There weren’t many bushwalking clubs in the 1930s, but the walkers were very enthusiastic. These were the heydays of bushwalking. Faced with economic depression on the one hand and conservation issues on the other, walkers had been drawn together with a spirit of adventure and goodwill.

When did our pastime originate? The term ‘bushwalking’ was coined by the Sydney Bush Walkers, the club formed in 1927 when the Mountain Trails Club decided to maintain its exclusivity and not open its doors to the throngs of new walkers (particularly women). But even last century there were many recreational walkers who could be described as bushwalkers.

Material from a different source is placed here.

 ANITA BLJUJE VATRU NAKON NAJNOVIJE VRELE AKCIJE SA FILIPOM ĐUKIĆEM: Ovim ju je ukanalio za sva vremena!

The Melbourne Walking Club (which still operates) started in 1894, while the now-defunct Warragamba Club started a few years later in New South Wales. The Mountain Trails Club, whose leading light was that Father of Conservation, Myles Dunphy, was formed in 1914. The growth of the Scout movement was also influential: many well-known walkers starting out as Boy Scouts.

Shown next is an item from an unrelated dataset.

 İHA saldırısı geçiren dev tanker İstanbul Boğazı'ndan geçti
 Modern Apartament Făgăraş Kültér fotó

But bushwalking in the early days was not quite the same as today. There were no plastic bags and no fancy tents. There were no packs until Paddy Pallin started making them. There were no helicopters and no mobile phones—there wasn’t even a search and rescue organisation until the bushwalkers formed their own in 1936. There were no useful maps until the army maps appeared: walkers relied on sketches and advice provided by people like Dunphy and Pallin. Minimal impact bushwalking was unheard of: many bushwalkers, including Dunphy, were accompanied by a dog. Some carried an axe, and perhaps a rifle. Rubbish was disposed of on the ‘burn, bash and bury’ principle.

In an era when woman raised eyebrows merely by wearing shorts, mixed bushwalking parties caused consternation in polite circles: there was quite a row about the ‘co-tenting’ issue within the Sydney Bush Walkers. Not that the women always walked with men—Dorothy Lawry, a key figure in the Sydney Bush Walkers, the Blue Gum Forest campaign, and the Federation, took all-female parties on ambitious trips down the Kowmung and elsewhere.

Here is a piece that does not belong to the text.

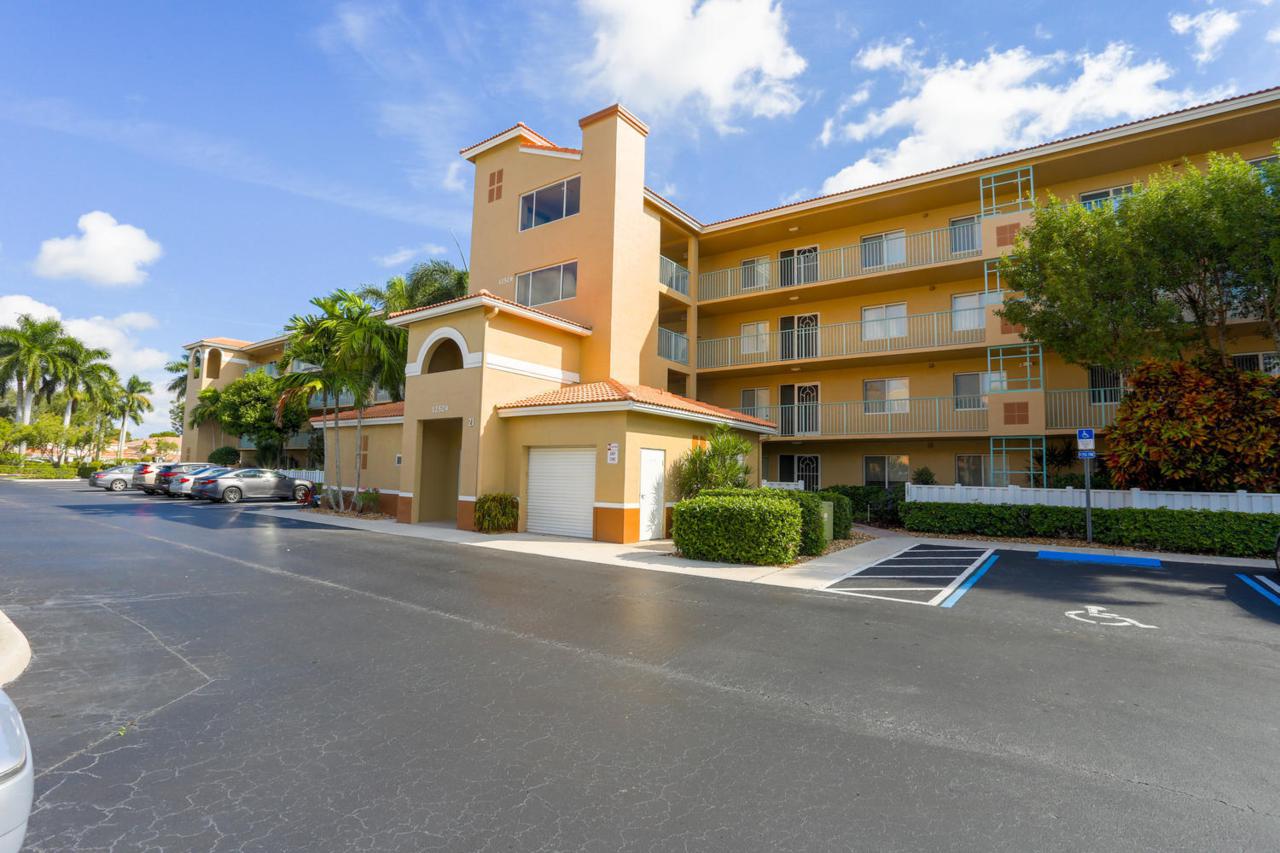 12529 Imperial Isle Drive - Photo 1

Few people had a car, and there were fewer roads and fire tails than today. Bushwalks were planned around the trains, and remote places like Kanangra Walls (to which there was no road) were the province only for dedicated walkers on extended trips. For instance, Tom and Sissy Godfrey were dropped near Jenolan Caves to walk to Burragorang via Kanangra—but after walking several days in the rain they were unable to cross the Kowmung, and had to walk all the way back—still in the rain. The bedraggled pair were greeted with astonishment and disdain by tourists at the Caves! In another epic described as ‘sheer bloody hell’, Ray Bean, Nin Melville (founder of the Coast and Mountain Walkers) and Win Duncombe took fourteen days to walk the Colo, which was in flood: they survived by eating eels caught with pegs and guy ropes.

Such were the risks of serious bushwalking: going out there, and being totally responsible for yourself. A true wilderness experience. Today we have the security offered by phones and helicopters; we can travel far into the wild by car or bicycle; many new tracks and pads have appeared, and we have accurate maps. The wilderness experience has been diminished.